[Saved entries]
=== Begin Enclosure ===
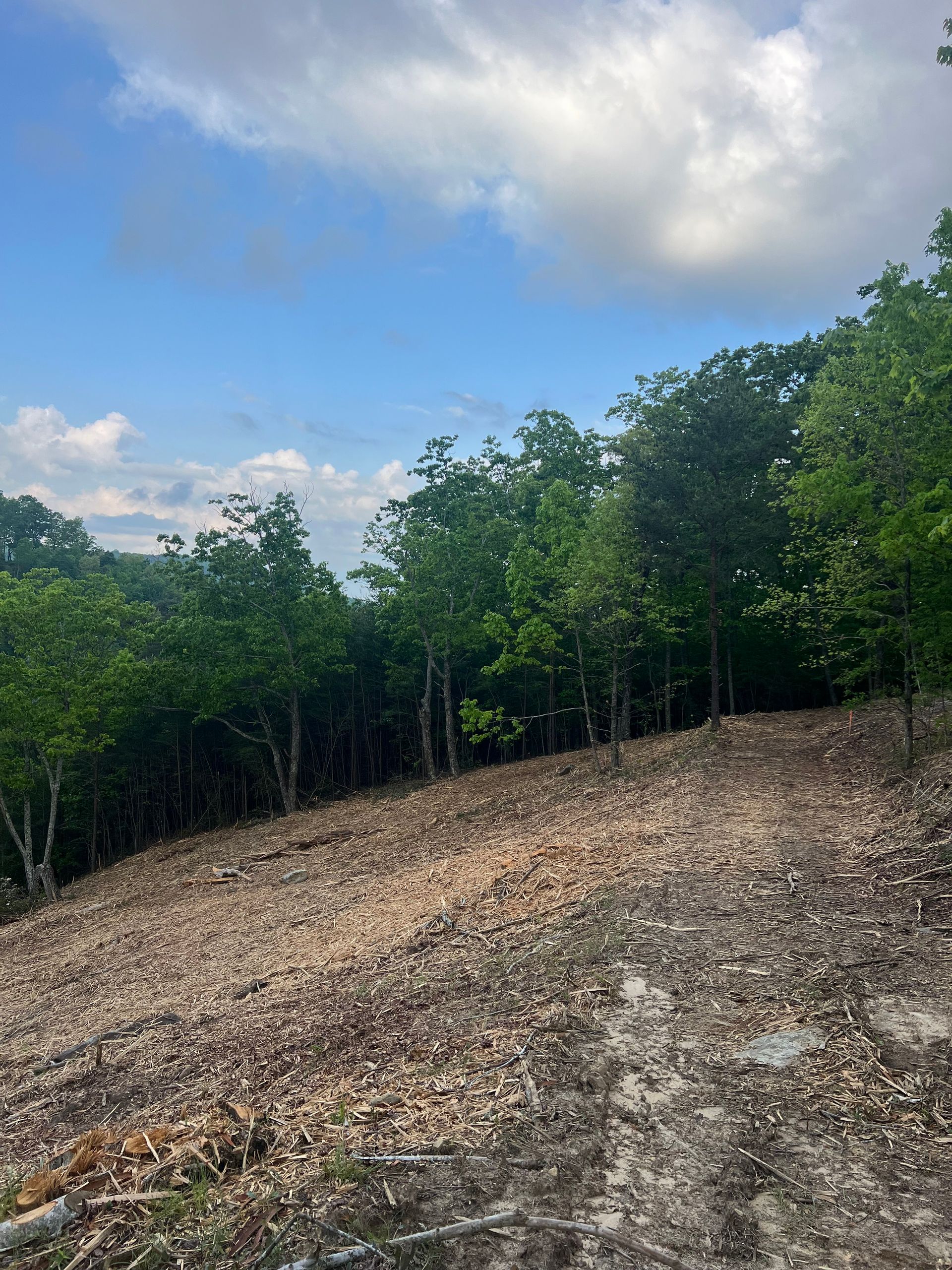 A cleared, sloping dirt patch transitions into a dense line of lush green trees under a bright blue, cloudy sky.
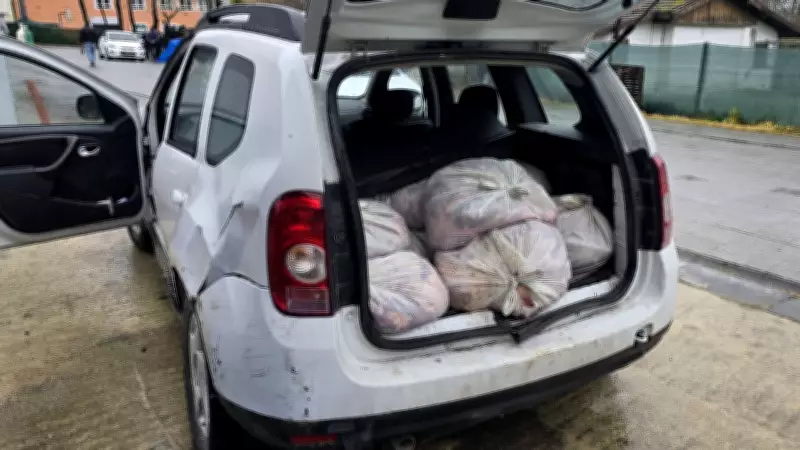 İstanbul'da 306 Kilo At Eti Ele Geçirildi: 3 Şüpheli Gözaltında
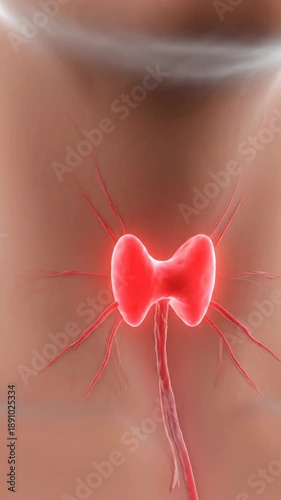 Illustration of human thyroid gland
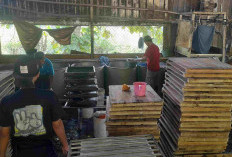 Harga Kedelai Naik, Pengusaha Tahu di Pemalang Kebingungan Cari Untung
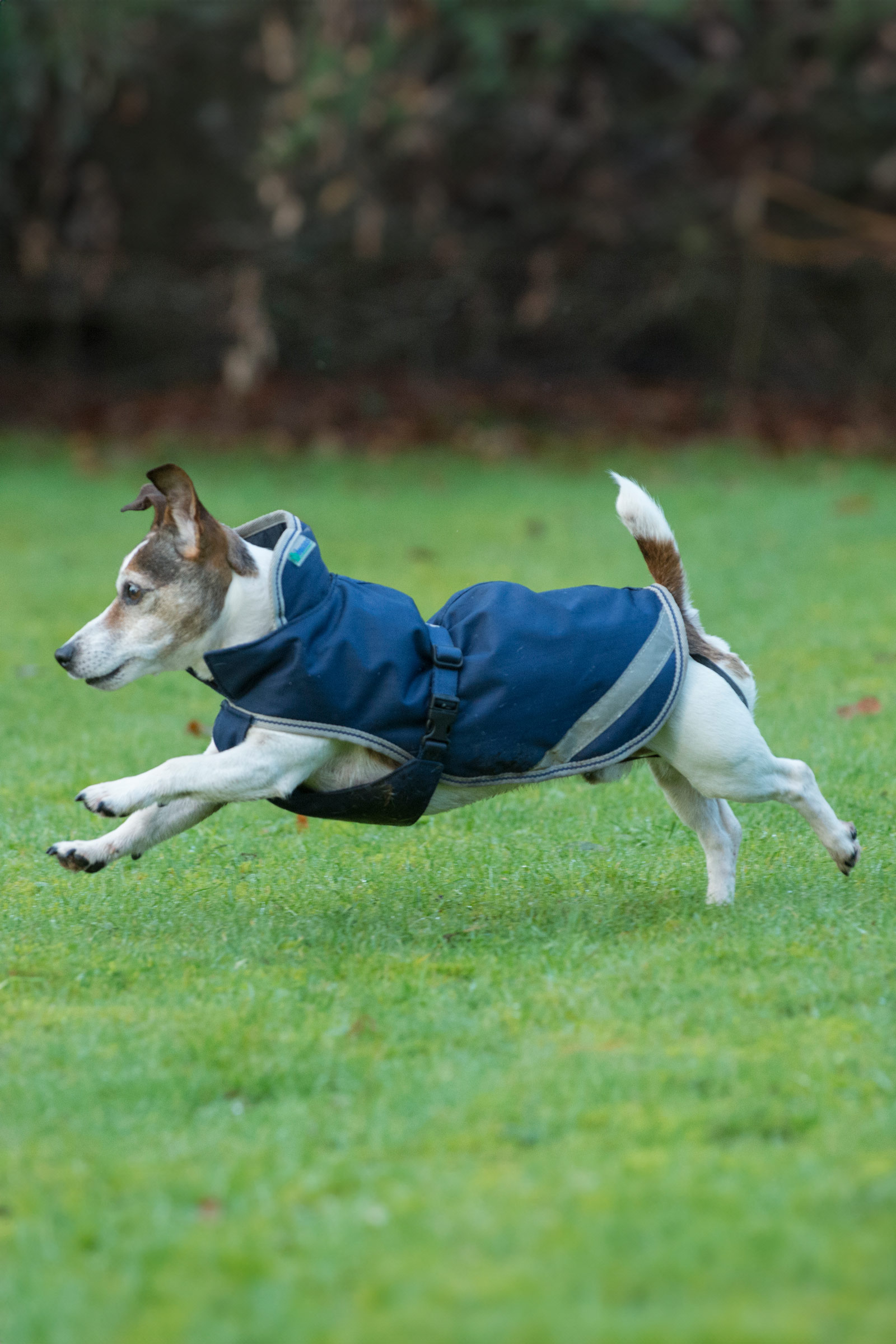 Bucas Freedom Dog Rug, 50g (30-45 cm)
=== End Enclosure ===
Your goal: Drop the pictures and set down the data above exactly.

Problem solution:
 A cleared, sloping dirt patch transitions into a dense line of lush green trees under a bright blue, cloudy sky.
 İstanbul'da 306 Kilo At Eti Ele Geçirildi: 3 Şüpheli Gözaltında
 Illustration of human thyroid gland
 Harga Kedelai Naik, Pengusaha Tahu di Pemalang Kebingungan Cari Untung
 Bucas Freedom Dog Rug, 50g (30-45 cm)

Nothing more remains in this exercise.